● **Captioned web images**:

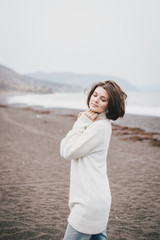 Beautiful young woman wearing white sweater and blue jeans walking on a lonely beach in a cold windy weather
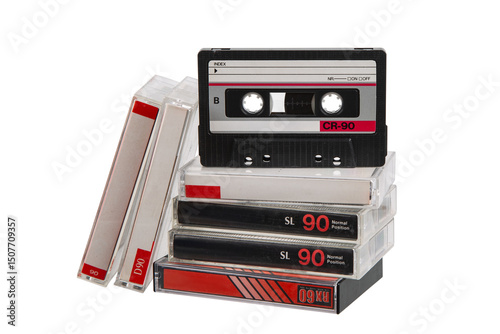 Stack of retro audio cassette tapes with one positioned upright, isolated on white back photo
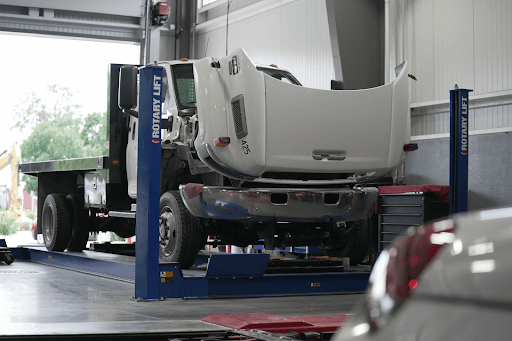 Medium duty truck repair and service in Lake Mills, WI with Topel’s Towing and Repair. Image of white medium duty fleet truck on lift in shop with hood open for repair services in shop.
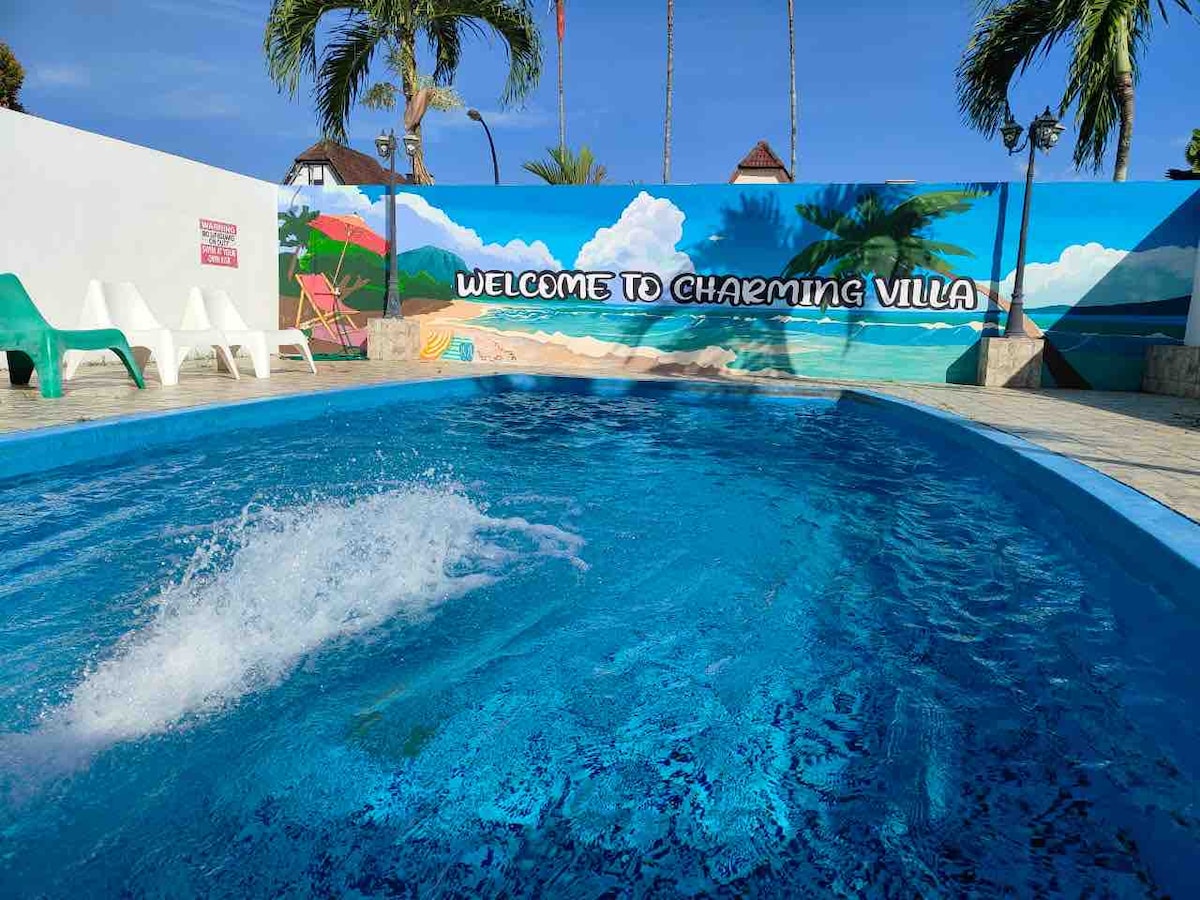 A large private pool is framed by a vibrant mural depicting a beach scene. White lounge chairs are positioned nearby, inviting relaxation. Palm trees line the area, contributing to the overall tropical ambiance surrounding the villa.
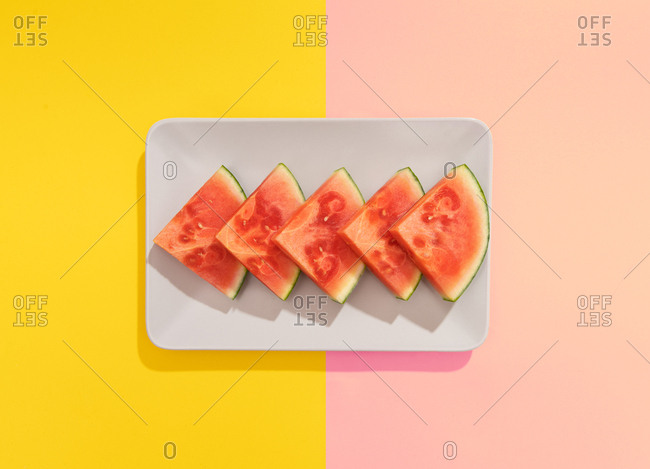 Summer juicy fruit watermelon in colorful background from above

● **Prompt**: Give the lines again exactly, starting where the entries begin and stopping once the line with "Medium duty truck" is included; pictures are not copied.

● **Your solution**:
 Beautiful young woman wearing white sweater and blue jeans walking on a lonely beach in a cold windy weather
 Stack of retro audio cassette tapes with one positioned upright, isolated on white back photo
 Medium duty truck repair and service in Lake Mills, WI with Topel’s Towing and Repair. Image of white medium duty fleet truck on lift in shop with hood open for repair services in shop.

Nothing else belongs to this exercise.